Last month, Nicholas Gilbert received a delivery of grain for the 1,400 cows he tends at his dairy farm in Potsdam, New York, 20 miles from the Ontario border. The feed came with a surprise tariff of $2,200 tacked on. “We have small margins,” he told me. “I had a contracted price on that grain delivered to my barn. It was supposed to be so much per ton. And they added that tariff right on top because it comes from a Canadian feed mill.”

Gilbert cannot increase the price of the milk he sells, which is set by the local co-op. He cannot feed his cows less food. He cannot buy feed from another supplier; there aren’t any nearby, and getting it from farther away would be more expensive. When he got the delivery, he stared at the tariff for a while. Shouldn’t his Canadian supplier have been responsible for paying it? “I’m not even sure it’s legal! We contracted for the price on delivery! If your price of fuel goes up or your truck breaks down, that’s not my problem! That’s what the contract’s for.”

But the tariff was legal, and it was Gilbert’s responsibility. The dairy farmer is one of tens of thousands of American business owners caught in a spiraling trade war, and lives in one area of the United States that might already be tipping into a recession because of it. Businesses near the Canadian border are particularly vulnerable to the rising costs and falling revenue caused by tariffs, and are delaying projects, holding off on hiring, raising prices, letting workers go, or wondering how they are going to keep feeding their cows as a result.

President Donald Trump kicked off his long-promised trade war by applying levies to steel, aluminum, and goods from China, Canada, and Mexico soon after he took office—insisting, incorrectly, that foreign companies would pay the tariffs and that American growth would surge. On Wednesday, he unleashed a global shock-and-awe campaign, announcing tariffs on every American trading partner.

RogĂ© Karma: Trump’s most inexplicable decision yet

The measures are meant to counter foreign countries’ tariffs and trade barriers, Trump said. But the numbers announced have nothing to do with such policies, where they even exist. The White House set a minimum 10 percent levy on imports from around the world, and imposed higher rates on imports from more than 60 countries, territories, and trading blocs. The administration appears to have derived those higher rates by dividing the value of the country’s bilateral trade deficit with the United States by the value of its exports to the United States.

The tariffs are capricious, haphazard, and weird. The Trump administration took into account only trade in goods, not services.

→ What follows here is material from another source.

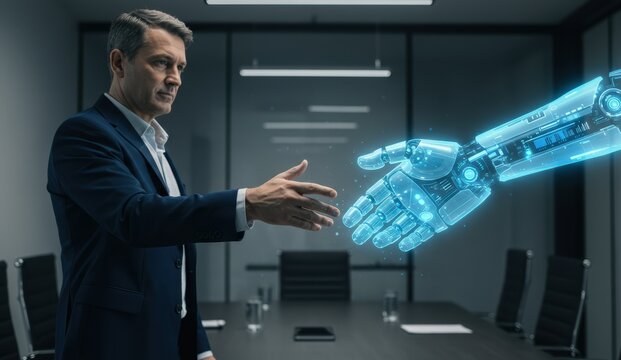 Caucasian businessman shaking hands with robotic hand in boardroom, representing technology, innovation, collaboration. - Powered by Adobe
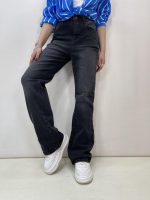 شلوار جین زنانه نیم بگ زغالی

It slapped tariffs on countries with long-standing free-trade agreements with Washington, including Australia, South Korea, Israel, Panama, Singapore, Costa Rica, El Salvador, Guatemala, Honduras, Nicaragua, and the Dominican Republic. It put tariffs on countries with a trade surplus with the United States. It implemented tariffs on remote, uninhabited islands. It implemented tariffs on a territory occupied predominantly by American and British soldiers.

The nonsensical policy will nevertheless have real effects. American consumer goods will get more expensive, with the average family paying an estimated $3,800 more a year for groceries, cars, clothing, furniture, and everything else if the tariff rates remain this high. Thousands of American firms, mostly small businesses, will go under. The United States risks collapsing into an astonishing voluntary recession, caused solely by a few powerful ideologues’ erroneous beliefs about trade.

If you want to understand where the American economy is heading, head to the border.

From Bellingham, Washington, to Calais, Maine, the United States has dozens of communities that are not so much linked to Canada’s economy as interwoven with it. Gas stations in these places rely on business from Canadian commuters. Ski resorts and water parks rely on Canadian tourists. Manufacturing firms rely on Canadian industrial inputs. Farms rely on Canadian feed. Hotels rely on Canadian business conferences.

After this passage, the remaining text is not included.